Pour compléter le tableau, l’on doit citer les extraordinaires choristes et danseurs du Komische Oper, ces derniers dirigés dans des délires chorégraphiques signés Otto Pichler. Quant à Adrien Perruchon, à la baguette, il mène, avec l’énergie requise, ces excentriques aventures olympiennes.

Barrie Kosky toujours à l’aise dans la dynamique chantée, plus pesant dans la parole.

Le metteur en scène australien a créé cette production d’Orphée en 2019, dans la Haus für Mozart de Salzbourg. On sait qu’il est parfaitement à son aise avec Offenbach. Tirant son souffle de l’esprit de la création, en ne se posant pas de limites de bienséance, il est même, certainement, l’un de ceux qui sont, actuellement, le plus en phase avec le compositeur.
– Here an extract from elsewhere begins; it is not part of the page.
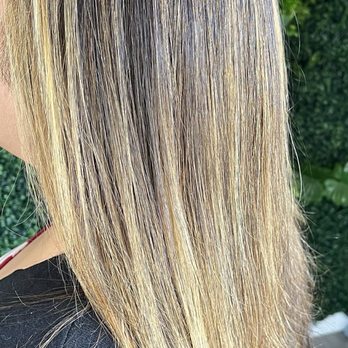 Hola Bonita Studio - After appt with Sandra, lighter highlights - Hair Salons Near Me - Culver City, California Hola Bonita Studio - After appt with Sandra, lighter highlights - Hair Salons Near Me - Culver City, California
Mais, dans ce répertoire, Kosky est, avant tout, un maître du mouvement et ce sont les scènes musicales avec solistes, choristes ou danseurs qui le démontrent le mieux. Le problème, c’est qu’Orphée est un Opéra-bouffe, dans lequel les dialogues sont omniprésents et, entre deux moments – chantés ou dansés – « déjantés », la mécanique de Kosky retombe comme un soufflé. Les passages parlés (en allemand) sont parfois très longs et si le travail exécuté par Max Hopp – énoncer à lui seul l’ensemble des dialogues des autres protagonistes, onomatopées comprises – est une véritable performance, il eut, sûrement, été salutaire de raccourcir ces moments, afin de conserver une meilleure dynamique.
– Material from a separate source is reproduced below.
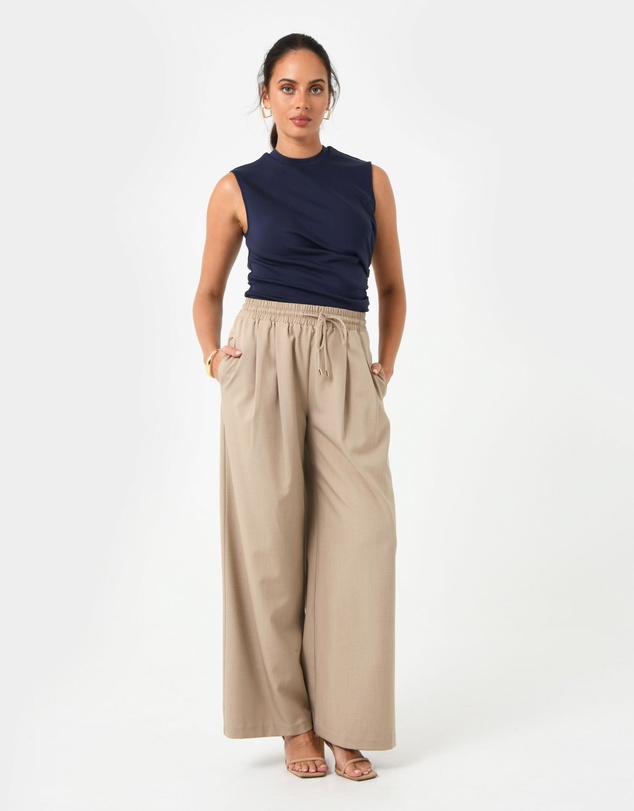 Forcast - Lulu Ruched Top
Cela étant, le public sort de la représentation dans une forme « olympique ». Une fois de plus nous avons confirmation que, pour cette œuvre comme pour d’autres, il ne faut jamais hésitez : à Berlin, se précipiter au Komische Oper, c’est s’assurer d’y trouver toujours cet esprit délirant et créatif qui caractérise bien peu d’endroits au monde, un esprit générateur de pur plaisir.